The original design frameworks and common-language approaches to embodied experience design were key contributors to the formation of a vibrant creative innovation network. The stakeholders in this network are Creative Industry start-ups, SMEs, cultural industry agencies, media professionals and practice-based researchers in media, design and digital innovation. The research insights from the 2004 workshop have been debated face to face, discussed and developed through the DCRC and Pervasive Media Studio networks and events. These have reached a range of audiences (of up to 300 people) including business and the general public. The design framework and common critical language developed by the research have been shared as follows:

a) SME creative economy partners who have participated in workshops or case studies. Specific examples of these companies include Mobile Pie (games) [see T4], Thought Den (design), Interactive Places (heritage), Play it Again Sam (music), Duncan Speakman (artist), Guerilla Dance Company, Calvium (app platform developers) [see T2], Stand and Stare Theatre, Matter to Media, ProtoType Theatre, igLab (games) and Moksha (design). These companies have been enabled to improve their sales through experiencing the co-created methods of the design framework. For example, the MD of Mobile Pie (a games development studio) confirms that "Having such direct access to an academic team has proven immensely useful to our business over the years, helping us to make sense and understand the wider implications our work in such a fast moving industry" [T4].

b) Summer schools for 24 Creative Producers run in 2010 and 2011 (in conjunction with iShed). Producers gained an in-depth understanding of how to transfer their existing skills into the emergent domains of Pervasive Media by understanding embodied user experience [S1].

c) iShed's `Sandbox' production programme has led to the creation of 44 innovative digital media products, all of which have incorporated UWE's `design dimensions' approach in their planning stages.

4.5 Pervasive Media Cookbook

The Knowledge Transfer Fellowship described in section 2 above led to the publication in 2012 of the online `Pervasive Media Cookbook' (http://pervasivemediacookbook.com/). This was co-produced with the Pervasive Media Studio. It included 14 case studies of different kinds of Pervasive Media project. The Cookbook republished and updated the research's original design framework, together with other materials, providing the world's first `how-to' guide to producing Pervasive Media. The Cookbook has expanded the market in this field of digital innovation by offering the first guidebook aimed at first-time producers [S2].

4.6 REACT

The accumulated experience of the UWE team in knowledge exchange based in the research above underpin UWE's leadership of REACT (Research and Enterprise for Arts and Creative Technologies), one of the AHRC's four £4.8m Creative Economy Hubs. Dovey is its Director. REACT has hosted 300 academics and businesses in `Ideas Labs', formed 100 new relationships between academics and business and produced 30 digital media projects. These build on the approaches to experience design and co-creative research relationships developed from the original 2004 workshops (see section 2 above). REACT has taken the approach to digital media experience design arising out of the research and built on it in the fields of heritage, publishing and future documentary. This has led to partnerships producing prototype products and services that enhance the product portfolio of Creative Economy businesses. Companies supported by REACT have produced an additional £500k worth of business in the year since their completion. Partner companies have invested 5800 hours of paid time into the projects so far produced. The creation of new academic/business relationships is at the core of REACT's achievements [S3].

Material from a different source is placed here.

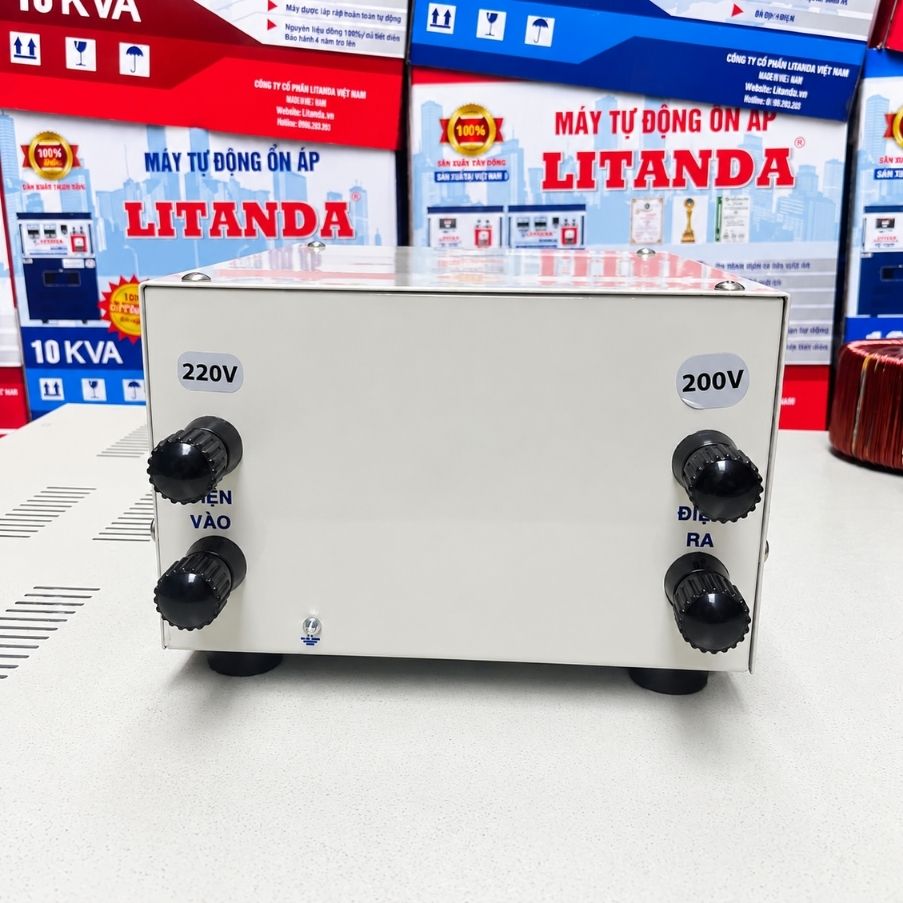 Biến áp 3kVA 220V ra 200V chuyên dùng đổi nguồn điện áp, cung cấp nguồn điện chuẩn cho các thiết bị điện nhập khẩu từ Nhật Bản.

For example, the Creative Director of Splash & Ripple writes that "REACT enabled me to get our first commission... The fact that the Sandbox was informed by research into Experience Design principles that we could put into action was a really great help in developing our ideas for the project." Her involvement with REACT "has directly resulted in many new leads and a £100k commission for the National Trust. My business is now established as a new brand within the Heritage Market" [T3].

Sources to corroborate the impact

Testimonials (available from UWE, Bristol and numbered in same order on REF system)

T1. Director, Watershed Pervasive Media Studio, Bristol (see 4.2)

T2. Creative, Sales and Marketing Director, Calvium Ltd (see 4.2 and 4.3)

T3. Creative Director, Splash & Ripple (see 4.6)

T4. Richard Wilson, MD, Mobile Pie "Having such direct access to an academic team has proven immensely useful to our business over the years, helping us to make sense and understand the wider implications our work in such a fast moving industry." (see 4.3)

Other sources

S1. Creative Producers Summer School Video: evidence of impact in improving participants ability to test and iterate for embodied experience design e.g. Freelance Digital Producer talking at 1 min 40 sec (see 4.3b).

S2. Cookbook Launch Video: impact of common language work on producers' ability to conceptualise Pervasive Media projects by creating a `tangible' `road map' e.g. Technical Director, App Development Micro Business, at 0.12 sec (see 4.5).

S3. `Being Reactive' Video Documentation evidence of benefit to business of REACT process "What this has given me a chance to do is to step away from day to day work and think about products, content, things that I can use in the future." MD, Calling the Shots speaking at 2 min 50 sec (see 4.6)

S4. "How To — Urban Gaming' Article in Wired Online (24.09.12) based on the Design Dimensions (R5) written by Pervasive Media Studio Director Clare Reddington showing continuing impact of design framework in the high-profile tech-sector publication. See citation at the end of the article `These design dimensions are inspired by work undertaken by The Digital Cultures Research Centre.' http://www.wired.co.uk/news/archive/2012- 09/24/how-to-urban-gaming-tech (see 4.2)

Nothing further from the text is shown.